|
View Full Version : Stripping domain from URL, what do you think is more solid?
yegorpb 02-13-2007, 03:13 PM I have 2 methods that I came up with, I personally like the first, since its way more simple, and works with all TLD extensions, but I might not be seeing all sides of this.
function getDomainName($ful_url) {
$ref = parse_url($full_url);
if ($ref['host'] != "") {
$ref_check = substr($ref['host'], 0, 4);
// check for www
if ($ref_check == "www.") {
$ref['host'] = substr($ref['host'], 4);
}
} else {
$ref['host'] = "BAD_URL";
}
// Output filtered url
return $ref['host'];
}
vs.
function getDomainName($url) {
$url = strtolower($url);
if (substr($url, 0, 7) == 'http://')
$url = substr($url, 7);
if (strpos($url, '/'))
$url = substr($url, 0, strpos($url, '/'));
while (strpos($url, '.') != strrpos($url, '.'))
$url = substr($url, strpos($url, '.')+1);
return $url;
}
Xenatino 02-13-2007, 05:38 PM EDIT: Sorry, misread original post
Engelmacher 02-13-2007, 06:37 PM URLs don't have to have "www" in them. Your code dies if you feed it something like "http://slurp.junk.co.jp".
yegorpb 02-13-2007, 09:15 PM My code doesn't need a www. It strips the www if its there. 2nd piece of code only works with normal tld, like .com/.net and doesnt with 2 part tlds like co.uk
First one should work with everything.
Engelmacher 02-13-2007, 09:47 PM My code doesn't need a www. It strips the www if its there. 2nd piece of code only works with normal tld, like .com/.net and doesnt with 2 part tlds like co.uk
First one should work with everything.
Test it yourself. It clearly returns "BAD_URL" if it doesn't find "www." in the array.
yegorpb 02-13-2007, 10:35 PM Test it yourself. It clearly returns "BAD_URL" if it doesn't find "www." in the array.
No, it doesn't. It returns it if its not a valid URL.

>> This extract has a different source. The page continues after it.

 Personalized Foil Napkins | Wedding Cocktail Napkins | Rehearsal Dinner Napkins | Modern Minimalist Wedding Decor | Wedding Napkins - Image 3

Teh_Winnar 02-13-2007, 11:54 PM I personally like this
<?php
// get host name from URL
preg_match('@^(?:http://)?([^/]+)@i',
"http://www.php.net/index.html", $matches);
$host = $matches[1];
// get last two segments of host name
preg_match('/[^.]+\.[^.]+$/', $host, $matches);
echo "domain name is: {$matches[0]}\n";
?>
plumsauce 02-14-2007, 05:35 AM The regex is pretty good, I like the "until slash" part, but it does not validate whether it contains any periods. For example, it would also match http://localhost It will also validate against http://192.168.0.1
The second part will fall apart if you have country tld's. For example, blah.co.uk
This is fine, until someone fat fingers something that gets past the regex. Users will do the most insane things to data input screens. And then there are my own coding errors :)
Engelmacher 02-14-2007, 06:25 AM No, it doesn't. It returns it if its not a valid URL.

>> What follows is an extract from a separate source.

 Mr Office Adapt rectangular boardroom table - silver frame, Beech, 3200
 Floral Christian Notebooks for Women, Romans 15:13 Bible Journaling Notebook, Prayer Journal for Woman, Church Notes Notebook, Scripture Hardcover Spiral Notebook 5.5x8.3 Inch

Well then I guess the PHP installations on my test machines must be horribly broken because that's what it does on every single one of them. I don't know what else to say other than "don't quit your day job".

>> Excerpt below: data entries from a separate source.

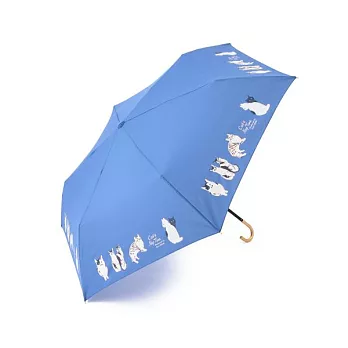 【Afternoon Tea】慵懶貓咪折傘 藍色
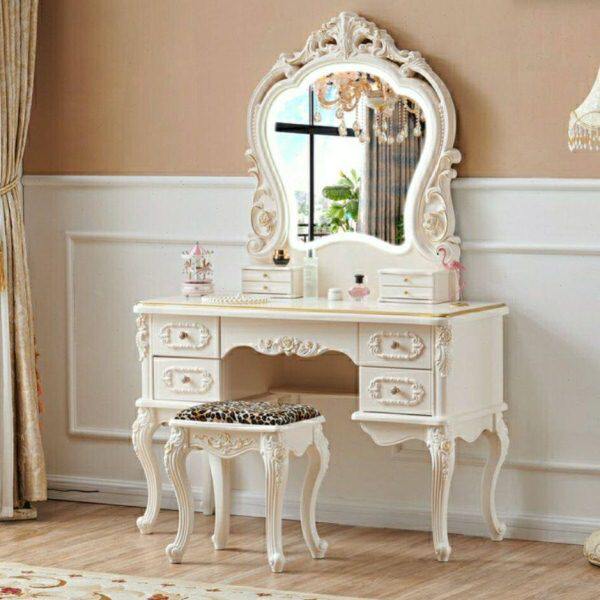 带灯欧式梳妆台卧室多功能小户型迷你现代简约化妆台化妆桌实木柜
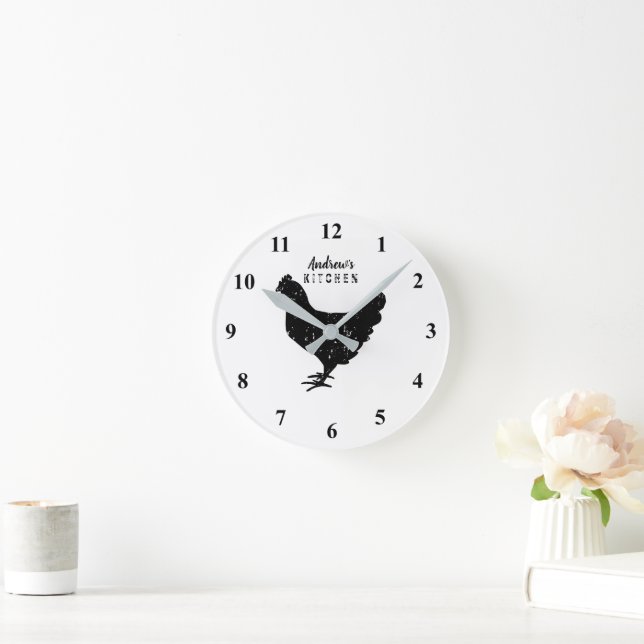 Custom kitchen wall clock with rustic chicken logo (Home)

brendandonhu 02-14-2007, 03:08 PM Why don't you just use parse_url()?
yegorpb 02-14-2007, 03:26 PM Well then I guess the PHP installations on my test machines must be horribly broken because that's what it does on every single one of them. I don't know what else to say other than "don't quit your day job".
Right back at you, buddy. I also suggest you get a pair of eyeglasses. :rolleyes: There is a } you are not seeing.
Why don't you just use parse_url()?
I did, in the first example.... just wanted to see if its a sound code.
Xenatino 02-14-2007, 08:11 PM Well then I guess the PHP installations on my test machines must be horribly broken because that's what it does on every single one of them. I don't know what else to say other than "don't quit your day job".
Right back at you, buddy. I also suggest you get a pair of eyeglasses. There is a } you are not seeing.
This might shed some light in a test situation: http://www.1921681100.com/public/623.php
|